RoCE requires a lossless Ethernet fabric because RDMA's credit-based flow control model was designed for InfiniBand's inherently lossless transport. When a packet is dropped due to congestion on a standard Ethernet switch, the RDMA connection must recover — which involves retransmitting from the last acknowledged position and can severely impact latency. To prevent this, RoCE deployments must configure Priority Flow Control (PFC) on all switches and NICs to pause specific traffic classes when buffers fill, and typically also deploy DCQCN (Data Center Quantized Congestion Notification) as a proactive congestion signal.

RoCE-capable NICs (RNICs) implement the RDMA transport in hardware. Common RNIC vendors include NVIDIA (ConnectX series), Broadcom (FastLinQ), Marvell, and Intel (formerly. Omni-Path). These NICs expose RDMA verbs to applications via the ibverbs/libibverbs library (Linux) or the RDMA provider layer in Windows. The NVMe/RDMA transport driver uses these verbs to implement NVMe-oF over RoCE.

How It Relates to NVMe/TCP

RoCE is the most common RDMA fabric for NVMe-oF in datacenter environments where RDMA performance is required. It sits between InfiniBand (highest performance, highest cost) and NVMe/TCP (standard Ethernet, commodity NICs) in both performance and operational complexity.

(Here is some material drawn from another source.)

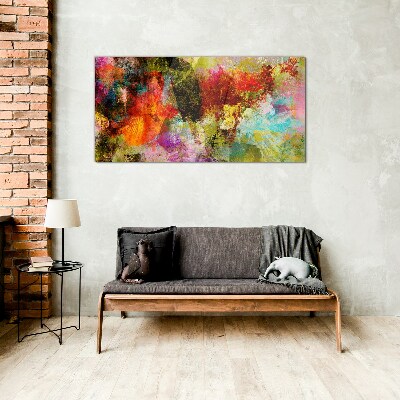 Tableau en verre Le chaos coloré de l'abstraction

The lossless Ethernet requirement is the most significant operational burden of RoCE compared to NVMe/TCP — misconfigured PFC can cause priority-inversion "deadlocks" that pause all traffic, not just RDMA. NVMe/TCP avoids this entirely because TCP's built-in congestion control handles packet loss gracefully without requiring switch-level PFC.

Key Characteristics

  • Versions: RoCE v1 (L2 only), RoCE v2 (UDP/IP, routable)
  • UDP port: 4791 (RoCE v2)
  • Latency: 2–10 µs (NIC-to-NIC)
  • Network requirement: Lossless Ethernet (PFC + DCQCN)
  • NIC requirement: RDMA-capable NIC (RNIC)
  • NVMe-oF binding: NVMe/RDMA (TP8000)

RoCE vs NVMe/TCP Tradeoffs

RoCE's 2–10 µs NIC-to-NIC latency and near-zero CPU data-path overhead make it attractive for workloads where every microsecond matters — financial trading, HPC checkpointing, and AI/ML training with large gradient synchronization. However, it requires RNIC hardware ($500–$2,000+ per port), lossless Ethernet fabric configuration, and ongoing PFC monitoring. NVMe/TCP sacrifices some latency (typically 15–30 µs more end-to-end) in exchange for running on any standard NIC, any Ethernet switch, and standard IP networking tools — a compelling tradeoff for general-purpose cloud and enterprise storage.